Watch: Euronews International Correspondent Anelise Borges with a Turkish earthquake rescue team

Against all apparent odds, the rescue teams in Antakya pick their way through huge mounds of rubble in perilous and seemingly endless missions. They are driven by the hope of finding survivors, five days after swathes of Turkey and Syria were hit by Monday’s devastating 7.8 magnitude earthquake.
I was invited to accompany one such mission, and we were able to film as the Turkish team, many of them volunteers with no previous experience, shovelled and sifted through the rubble looking for signs, or sounds, of survivors.
See our film above
A five-story building had been reduced to a mound of concrete slabs and twisted metal, but for four hours the rescuers worked, convinced they had heard noises.
They called for silence in the street, straining to hear, hoping to be able to communicate with someone trapped below.
And then, at this crucial moment, a sudden cry from above ground: a warning a dam had burst outside the town. The rescuers scrambled to flee the scene.
But eventually they realised it was a false alarm. Turkish officials accuse looters of spreading misinformation, hoping to cash in on the ensuing chaos.

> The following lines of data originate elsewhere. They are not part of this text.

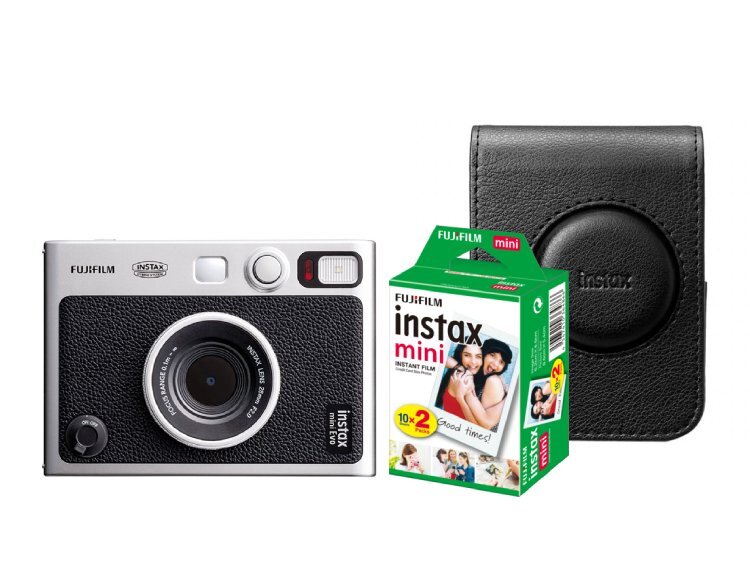 Fujifilm Instax mini EVO čierny + puzdro + Instax Mini 20ks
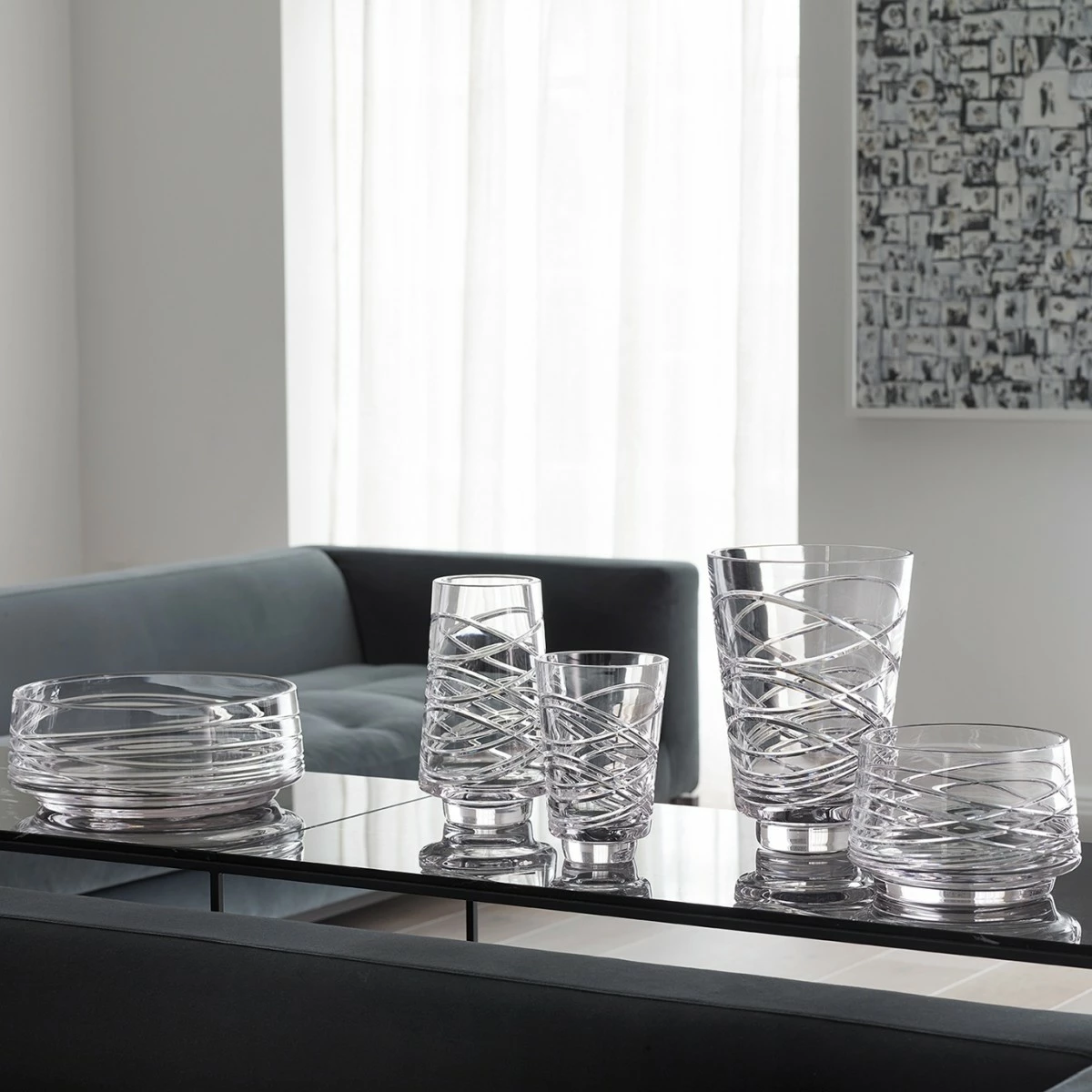 Waterford Crystal Mastercraft Aran 10" Vase 3 Waterford Crystal Mastercraft Aran 10" Vase - Image 3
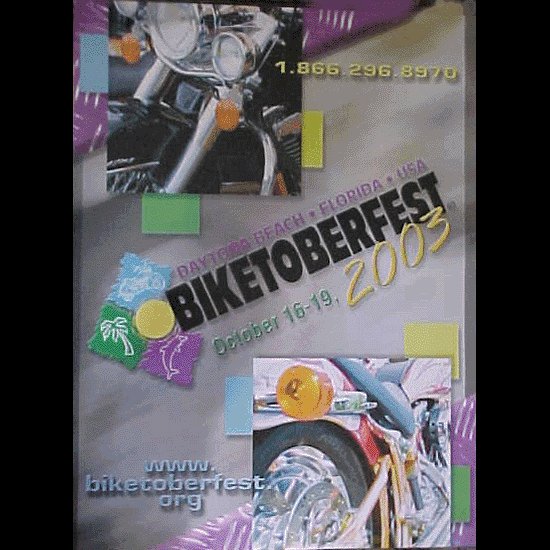 Biketoberfest 2003 Official Motorcycle Poster Daytona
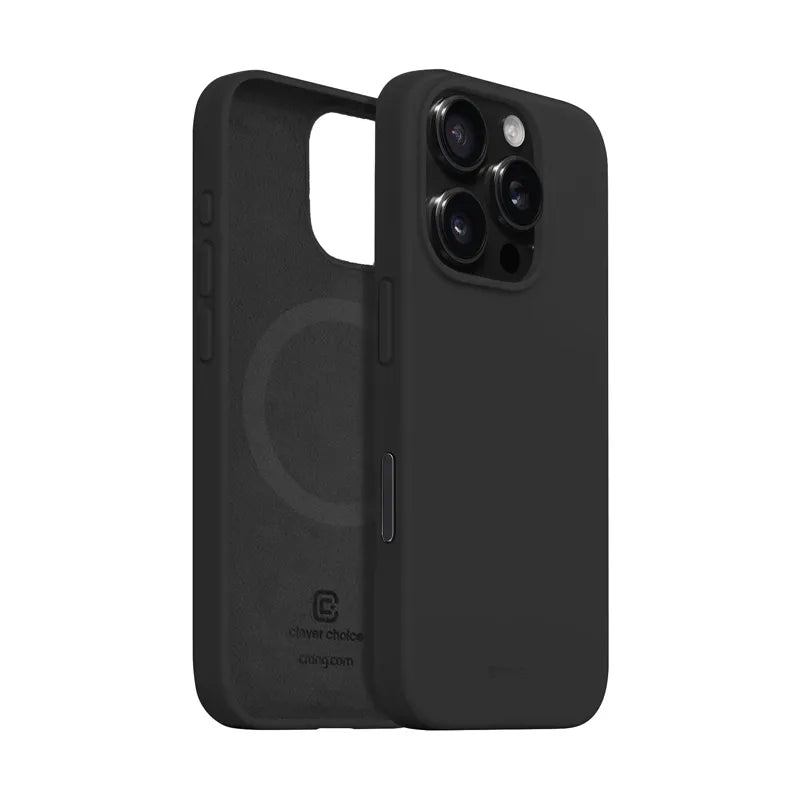 Crong Color Cover Magnetic – „iPhone 16 Pro“ „MagSafe“ dėklas (juodas)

Alarm over, the search resumed with specialist equipment, and the assistance of family members who tried to explain the building’s floor plan before the disaster.
Nurdan Yilmaz was among them.
She told us: “I am waiting for my brother, his wife and their children. I am hopeful, because there are survivors who left the rubble alive. I haven’t lost my faith.”
But for all the hopes and faith of family and rescuers alike, the mission was to end in sadness and despair as a body was recovered from the scene. It seemed the miracle they had hoped for wasn’t meant to happen that night.
And the pain that was already immense grew just a little larger.
As if the wave of hurt and destruction submerging this country didn’t want to recede.